No longer a front-runner for Homecoming King, Ezra finds himself at the table of misfits, where he encounters new girl Cassidy Thorpe. Cassidy is unlike anyone Ezra’s ever met, achingly effortless and fiercely intelligent.
Together, Ezra and Cassidy discover flash mobs, buried treasure, and a poodle that might just be the reincarnation of Jay Gatsby. But as Ezra dives into his new studies, new friendships, and new love, he learns that some people, like books, are easy to misread. And now he must consider: If one’s singular tragedy has already hit, what happens when more misfortune strikes?

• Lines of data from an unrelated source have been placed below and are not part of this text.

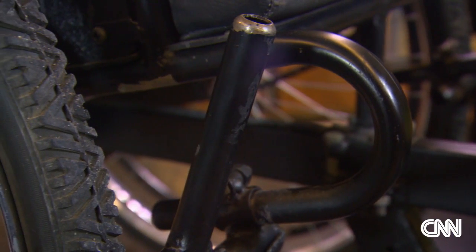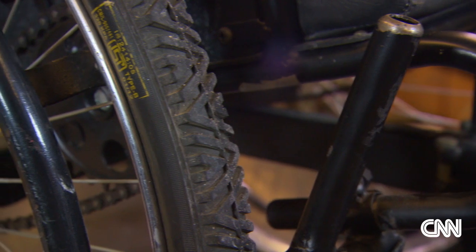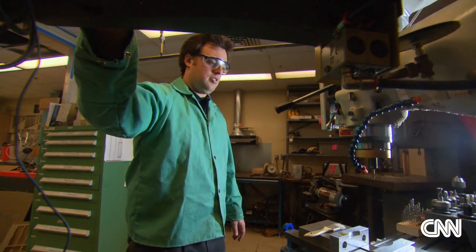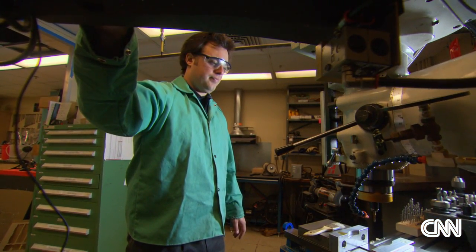Yes, it is a wheelchair. But to people with disabilities in the developing world, it is much more than that. It is a pathway to making a living, it is freedom, and according to its designer, it fills a huge need in the developing world.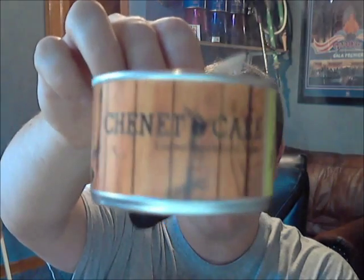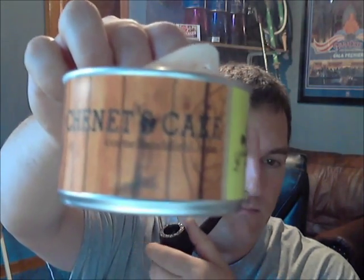I am smoking Chenette's Cake by Cornell and Diehl. It's one of their new Cellar series blends. These blends are all geared to be aged for 10 to 15 years, but they also let you know that they're good to be smoked right now. So that's exactly what I'm doing.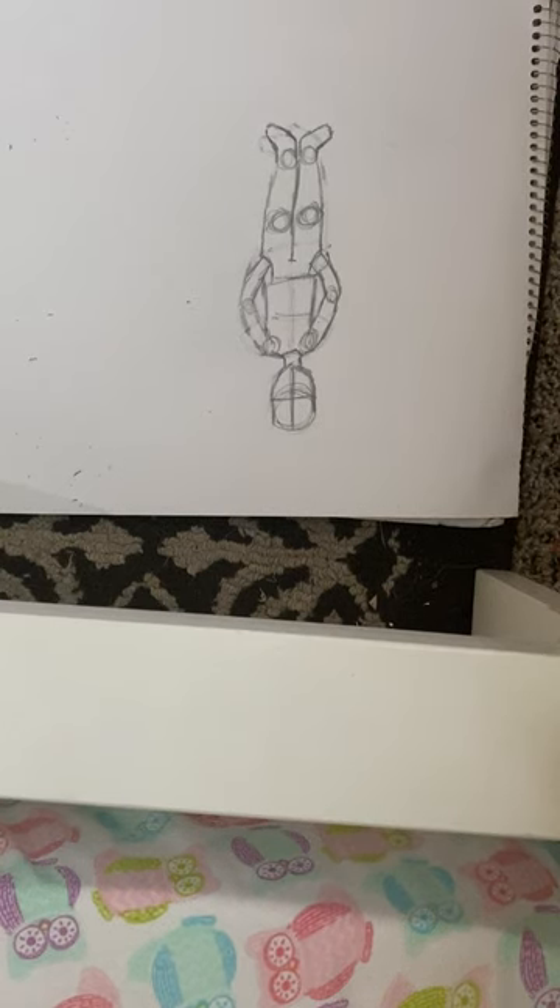Hi guys, today I'm going to be doing a little sketch with me. I apologize for the background noise because I have a very noisy neighborhood and family. I already drew the basics of the body shape so we could get right to the fun part, which is drawing the actual character.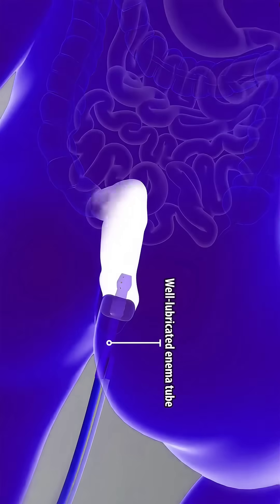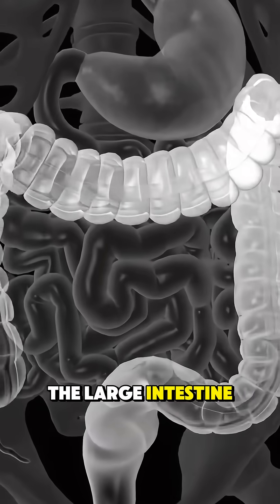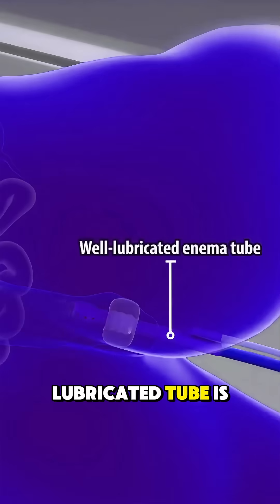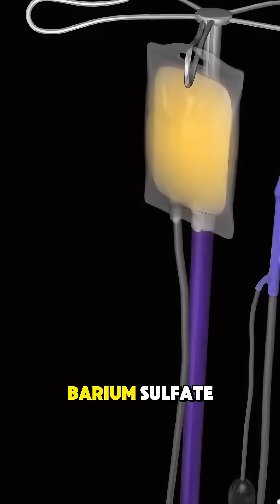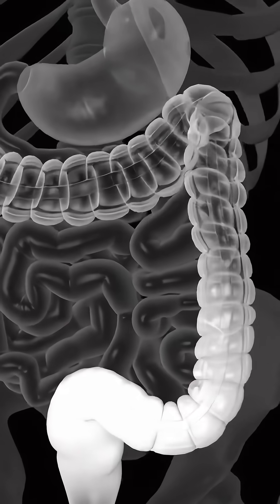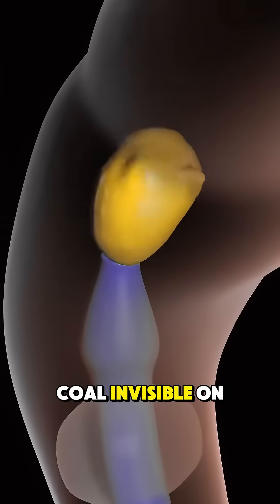Ever heard of a barium enema? It's a special x-ray test that helps doctors see the large intestine. The patient lies on an x-ray table and a small lubricated tube is gently inserted into the rectum. A liquid called barium sulfate is slowly introduced into the colon, coating the intestinal walls. Why barium? Because it's a contrast dye that makes the colon visible on x-rays.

Robyn Schneider’s The Beginning of Everything is a lyrical, witty, and heart-wrenching novel about how difficult it is to play the part that people expect, and how new beginnings can stem from abrupt and tragic endings.
First Sentence: Sometimes I think that everyone has a tragedy waiting for them, that the people buying in their pajamas or picking their noses at stoplights could be only moments away from disaster.
The Beginning of Everything is a book with a lot of hype ever since it was released last year. I, of course, stayed away from it since contemporaries aren’t really my thing and the premise turned me off because if gave that “this book will focus on a lot of philosophy type stuff” vibe. The hype for The Beginning of Everything has died down since then, but recently, a famous Youtuber I’ve never heard of praised it and recommended it, causing The Beginning of Everything to be out of stock on Amazon. That has gotten me very curious – what’s so amazing about The Beginning of Everything that it was out of stock? – so I took my copy off my bookshelf and decided to give it a chance. Not a good idea as you can see from the title of this post.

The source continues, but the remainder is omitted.